I take a deep breath. Let it out slowly.
He grunts, stares at her, big-eyed. She stares back, big-eyed.
"She's all right," he tells me later.
"How's the Midget?" he still asks 33 years into our marriage.
She's not so crazy about the appellation, but she loves him. They all do.
— — —
We're at Derf's, a burger and beer place at Mission and De La Vina, just back from a fire started by an air tanker when it crashed during a drop, killing one of my buddies, the co-pilot.
Bonehead buys me my beer. "It's hard losing a friend," he says. "Real hard."
— — —
"Call Stan," she says toward the end of summer. "I've been thinking about him."
"Still above ground," he growls. "It's a good day. I'm having a beer."
He's between rounds of chemo. I imagine him sitting at the doorstep of his house in Buellton, still drinking crappy Bud Light. We have a good, long talk. He's got time.
"How's the Midget?" he asks. I picture him nodding with a little smile as I tell him, and he grunts out some smartass reply about her rooting for the wrong team and putting up with me all this time. Probably the only person who could, he adds.
— — —
The RIP postings start showing up on Facebook in the evening Nov. 4 and on the YouCaring site set up for him. I recognize some names; many more I don't.

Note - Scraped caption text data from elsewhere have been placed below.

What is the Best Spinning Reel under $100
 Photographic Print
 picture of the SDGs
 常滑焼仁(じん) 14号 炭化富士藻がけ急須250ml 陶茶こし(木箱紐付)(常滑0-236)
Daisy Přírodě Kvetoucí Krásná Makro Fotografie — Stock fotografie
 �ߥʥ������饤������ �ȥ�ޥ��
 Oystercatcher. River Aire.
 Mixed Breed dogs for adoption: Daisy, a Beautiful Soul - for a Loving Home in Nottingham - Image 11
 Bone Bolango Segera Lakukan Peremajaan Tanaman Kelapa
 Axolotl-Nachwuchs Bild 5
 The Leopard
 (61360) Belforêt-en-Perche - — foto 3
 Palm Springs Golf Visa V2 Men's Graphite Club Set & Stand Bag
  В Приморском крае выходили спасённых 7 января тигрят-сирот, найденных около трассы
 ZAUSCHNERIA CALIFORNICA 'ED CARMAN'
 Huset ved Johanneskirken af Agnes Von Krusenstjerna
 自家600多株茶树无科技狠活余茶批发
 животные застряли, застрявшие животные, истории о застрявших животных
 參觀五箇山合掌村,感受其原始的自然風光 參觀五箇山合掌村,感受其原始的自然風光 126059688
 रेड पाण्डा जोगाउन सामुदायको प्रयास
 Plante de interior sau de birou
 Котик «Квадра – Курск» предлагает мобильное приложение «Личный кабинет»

Bonehead started as a sawyer in 1974, was a foreman by the time I joined in 1980, and finished out as the Supe the last decade of his 40 some years on the crew. He fought his cancer for nearly 10 years.
This is hard. Real hard, I see, for generations of us. I wonder how many also bear some of his spark, maybe like me without even realizing it, better people for our time with him.